三上: 一般ユーザーだけでなく、企業から官公庁まで幅広く利用が進んでいます。「生成型AIサービス」はChatGPTだけでなく、ライバルのGoogle「Gemini」、実用ソフトでのAI導入を進めるマイクロソフト「Copilot」などの大手IT企業がシェアを争っています。それに刺激され、ChatGPTもアップデートが進む、という状況になってきました。
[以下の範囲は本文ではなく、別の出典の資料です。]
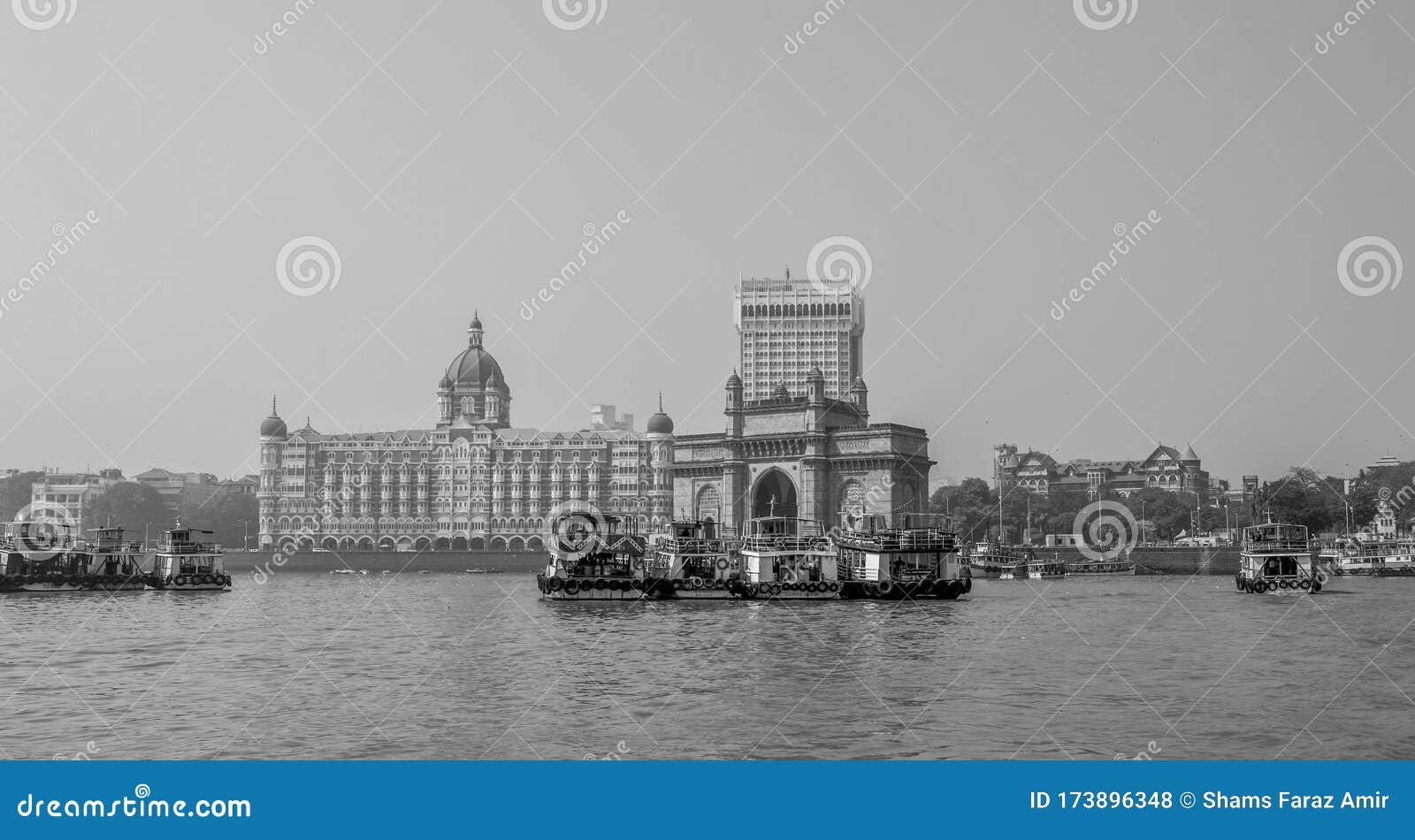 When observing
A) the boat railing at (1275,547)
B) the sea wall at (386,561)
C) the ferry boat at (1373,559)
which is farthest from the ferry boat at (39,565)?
the ferry boat at (1373,559)

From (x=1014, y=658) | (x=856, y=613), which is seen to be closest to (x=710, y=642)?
(x=1014, y=658)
J.K. 技術革新もあって、注目されているのはどのサービスでしょうか

三上: ChatGPTを超える生成AIとして「Claude3(クロード)」の性能が良いと評判になっています。日本語の受け答えがしっかりしており、こちらが要求する以上の答えをかなり正確に出してくるので、生成AIに詳しい専門家が絶賛しているのです。Claude3は、アメリカのAI企業・Anthropic(アンソロピック)が開発しているもの。このAnthropicはChatGPTのOpenAI社に、不満を持って離脱した開発者が作った企業。いわばOpenAI社のライバルです。
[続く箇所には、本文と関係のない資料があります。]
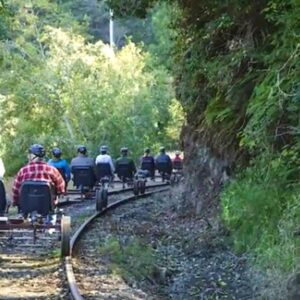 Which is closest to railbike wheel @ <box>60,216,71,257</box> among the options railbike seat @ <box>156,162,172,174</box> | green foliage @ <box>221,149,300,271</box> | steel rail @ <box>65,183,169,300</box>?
steel rail @ <box>65,183,169,300</box>

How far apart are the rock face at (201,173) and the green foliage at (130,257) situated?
2.06 m

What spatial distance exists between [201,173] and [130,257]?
178 inches

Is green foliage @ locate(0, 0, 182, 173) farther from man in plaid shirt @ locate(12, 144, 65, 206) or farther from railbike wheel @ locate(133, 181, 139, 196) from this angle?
man in plaid shirt @ locate(12, 144, 65, 206)

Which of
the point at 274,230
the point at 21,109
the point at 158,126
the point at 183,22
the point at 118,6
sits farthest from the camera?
the point at 158,126

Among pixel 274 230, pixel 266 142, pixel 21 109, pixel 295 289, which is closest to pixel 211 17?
pixel 266 142

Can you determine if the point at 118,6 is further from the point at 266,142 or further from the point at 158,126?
the point at 158,126

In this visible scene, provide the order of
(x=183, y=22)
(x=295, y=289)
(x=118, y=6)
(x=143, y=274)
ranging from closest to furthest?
(x=295, y=289), (x=143, y=274), (x=118, y=6), (x=183, y=22)

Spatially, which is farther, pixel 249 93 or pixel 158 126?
pixel 158 126

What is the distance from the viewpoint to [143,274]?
1066cm

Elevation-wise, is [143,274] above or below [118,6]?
below

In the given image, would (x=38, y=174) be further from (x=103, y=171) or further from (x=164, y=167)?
(x=164, y=167)

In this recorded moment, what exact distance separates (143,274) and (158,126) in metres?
31.6

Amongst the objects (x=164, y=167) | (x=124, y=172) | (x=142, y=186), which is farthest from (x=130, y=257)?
(x=164, y=167)

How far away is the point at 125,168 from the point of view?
24062 millimetres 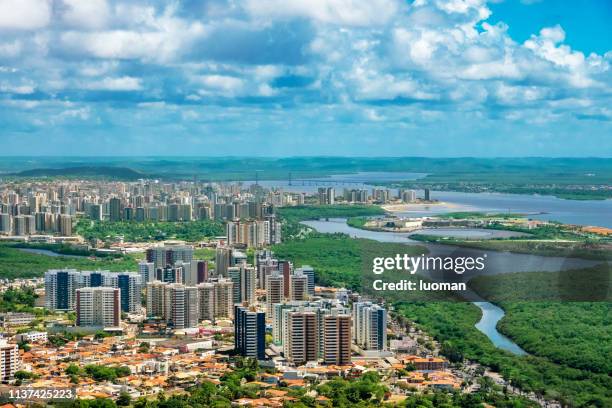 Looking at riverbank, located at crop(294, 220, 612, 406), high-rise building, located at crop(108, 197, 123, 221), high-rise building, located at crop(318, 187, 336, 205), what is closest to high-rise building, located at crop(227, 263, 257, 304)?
riverbank, located at crop(294, 220, 612, 406)

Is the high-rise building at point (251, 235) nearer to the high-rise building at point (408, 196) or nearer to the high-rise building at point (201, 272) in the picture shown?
the high-rise building at point (408, 196)

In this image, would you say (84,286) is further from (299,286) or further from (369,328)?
(369,328)

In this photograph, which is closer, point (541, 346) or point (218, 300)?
point (541, 346)

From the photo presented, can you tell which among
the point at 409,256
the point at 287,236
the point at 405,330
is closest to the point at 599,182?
the point at 287,236

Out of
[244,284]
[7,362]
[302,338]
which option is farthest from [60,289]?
[7,362]

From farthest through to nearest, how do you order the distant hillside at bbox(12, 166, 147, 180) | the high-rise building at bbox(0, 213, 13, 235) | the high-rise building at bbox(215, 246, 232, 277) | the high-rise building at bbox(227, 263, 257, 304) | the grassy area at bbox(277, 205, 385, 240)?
the distant hillside at bbox(12, 166, 147, 180) < the high-rise building at bbox(0, 213, 13, 235) < the grassy area at bbox(277, 205, 385, 240) < the high-rise building at bbox(215, 246, 232, 277) < the high-rise building at bbox(227, 263, 257, 304)

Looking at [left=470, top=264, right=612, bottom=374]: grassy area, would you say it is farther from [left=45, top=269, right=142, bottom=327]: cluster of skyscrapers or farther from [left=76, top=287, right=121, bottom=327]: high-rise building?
[left=45, top=269, right=142, bottom=327]: cluster of skyscrapers

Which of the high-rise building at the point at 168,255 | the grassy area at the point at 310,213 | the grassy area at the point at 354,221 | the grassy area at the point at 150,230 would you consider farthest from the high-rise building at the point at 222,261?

J.K. ChatGPTといえば、イーロンマスクの存在を忘れてはいけないですよね

三上: イーロン・マスクも元々はOpenAIの設立に参加していましたが、仲たがいから離れて、自分が設立した企業で生成AIの開発を進めています。そのイーロン・マスクが3月11日に発表したのが「Grok-1(グロックワン)」という生成AIです。このGrok-1の特徴は、オープンソースであること。プログラムの元となるソースコードをすべて公開しており企業などが自由に開発に利用できるようになっています。今後は幅広く企業などが利用する可能性があります。
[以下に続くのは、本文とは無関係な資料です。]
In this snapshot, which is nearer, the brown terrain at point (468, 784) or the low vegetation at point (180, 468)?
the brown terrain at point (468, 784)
J.K. 競合によって将来的は「生成型AIサービス」はどうなりそうですか。   

三上: 生成型AIは文字だけでなく画像や音声・動画などの生成と分析ができるマルチモーダル化が進んでいます。マルチモーダル生成AIは開発や運用にコストがかかるため、OpenAI、マイクロソフト、Googleなどの大手IT企業がリードしています。しかしClaude3やイーロン・マスクのGrok-1など新しい生成AIが登場しており、今は性能面やオープンソースで大きな注目を集めています。正直なところ、毎日のように生成AIの新サービスが登場している状態で、どれが勝つのか普及するのかは、混とんとしており先行きは見通せない状態です。私たちユーザーとしては、とりあえずは、動向を見守ることになりそうで、次のiPhoneでは複数のアプリが入るかも知れません。